A colleague and I both read Paolo Bacigalupi's Ship Breaker last week. WOW! This speculative YA fiction was so good, I had to check out his adult fiction. Now that I'm almost done reading all his short stories and novels, I'm convinced he's the love child of Margaret Atwood and William Gibson.
So rich in YA themes, where to start?
Nailer is not an orphan, but might as well be. His alcoholic father only notices him to beat him, and Nailer must work with a "crew" in dangerous conditions to make their quota of recyclable materials scavenged from old oil tankers run aground on their section of the Gulf Coast. As he works, Nailer questions himself on the meanings of family, loyalty, and luck. When he finds a wealthy girl trapped in the wreckage of her beautiful yacht, he faces the moral quandary of whether to let her die as he scavenges enough silver and gold from the ship to live without hunger, or to save her life and face possible danger and betrayal (and give up the scavenge rights).
His choice sets him on a lonely path, but gives him a chance to get to know Tool, a human/dog hybrid bred for loyalty and viciousness. More questions about the meaning of loyalty. And family. We can't wait for a sequel/prequel/companion novel.

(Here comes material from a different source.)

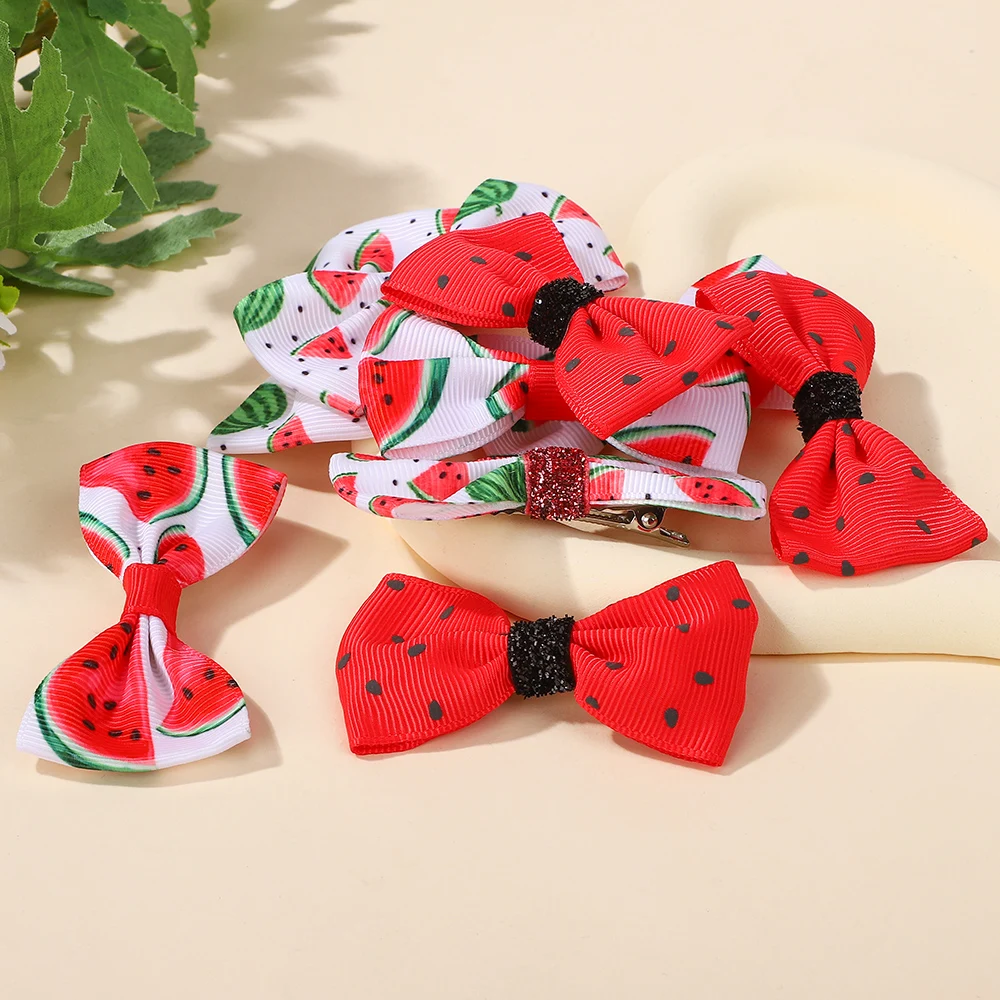 20 pz colore Casuale Carino Anguria Stampato Archi Clip di Capelli Per I Bambini Ragazze Nastro Bowknot Forcelle Barrettes Accessori Per Capelli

The same weekend, I read Fever Crumb, the first of a series of prequels to Philip Reeve's Mortal Engines books. Fever is an orphan, raised by a loving foster father, to be an engineer like him. But she is cursed to live in interesting times in London, and witness to the origin of the "traction cities" of the Mortal Engines Quartet. Fever, like Nailer, must journey out into an unfamiliar world, and make judgments about who to trust and who to be loyal to, while surviving.